WASHINGTON -- For the past seven months, the National Commission on Terrorist Attacks Upon the United States, otherwise known as the 9/11 Commission, has been looking into the events leading up to the 2001 attacks.

But so far the probers have made little progress. The commission is embroiled in tense negotiations over the level of access it will have to White House documents and the federal personnel it wants to interview. Investigators have received only a small portion of the documents they are seeking and have just begun conducting interviews within the last week, according to commission spokesman Al Felzenberg.

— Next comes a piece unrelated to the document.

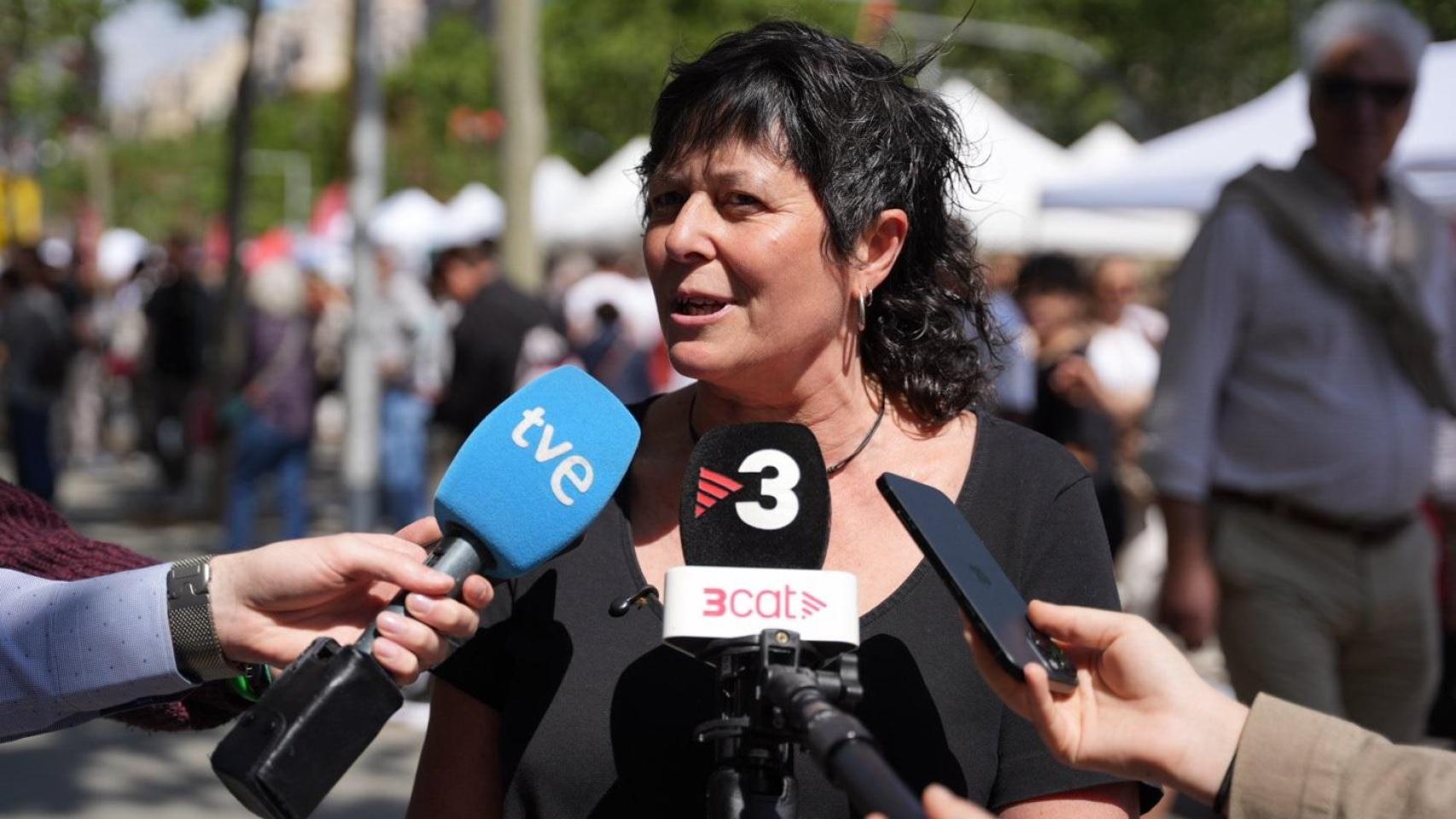La líder de la CUP en el Parlament, Pilar Castillejo, en declaraciones a los medios el día de Sant Jordi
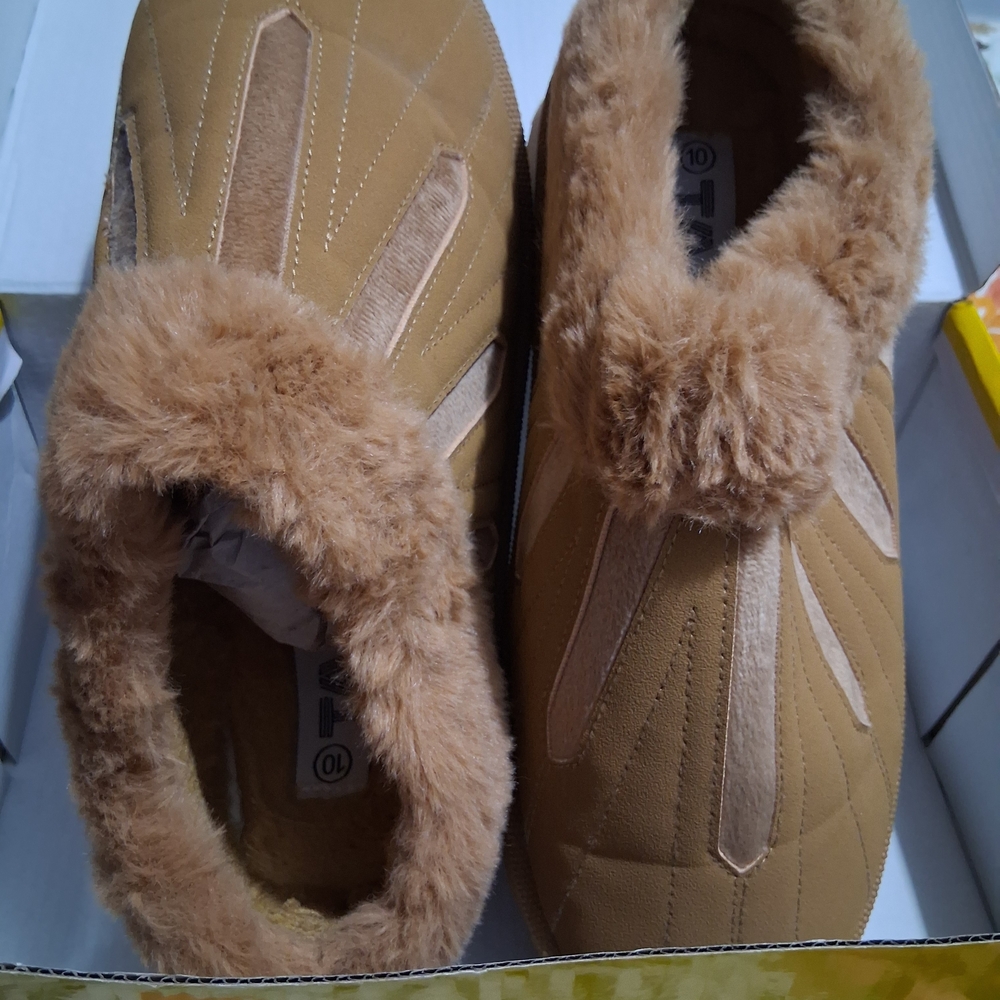 Women’s Faux-Fur Lined Mule Clogs in Tan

That means that the commission may not be able to complete an exhaustive investigation before its deadline next May, according to some of its 10 commissioners and others familiar with its work. The commission has almost 60 staffers, many of whom have clearances to see classified documents. At their disposal is a secure facility at a secret location so that they can read those documents. And they have a $14 million budget to last until May. But from the commission's inception, commissioners and others say, the White House has put obstacles in its way.

At the White House's insistence, an adviser to Attorney General John Ashcroft has been reviewing all of the commission's requests for documents and interviews sent to federal agencies. While the law establishing the commission requires it to build on a classified, nearly 900-page report of a Congressional inquiry into intelligence agencies, the White House blocked the commission's access to that report until two months ago.

"While I don't want to believe such a basic lack of cooperation was intentional, it nonetheless creates the appearance of bureaucratic stonewalling," said Sen. John McCain, an Arizona Republican, at a commission hearing in May. "Excessive administration secrecy on issues related to the Sept. 11 attacks feeds conspiracy theories and reduces the public's confidence in government," added Mr. McCain, a main sponsor of the bill that created the commission.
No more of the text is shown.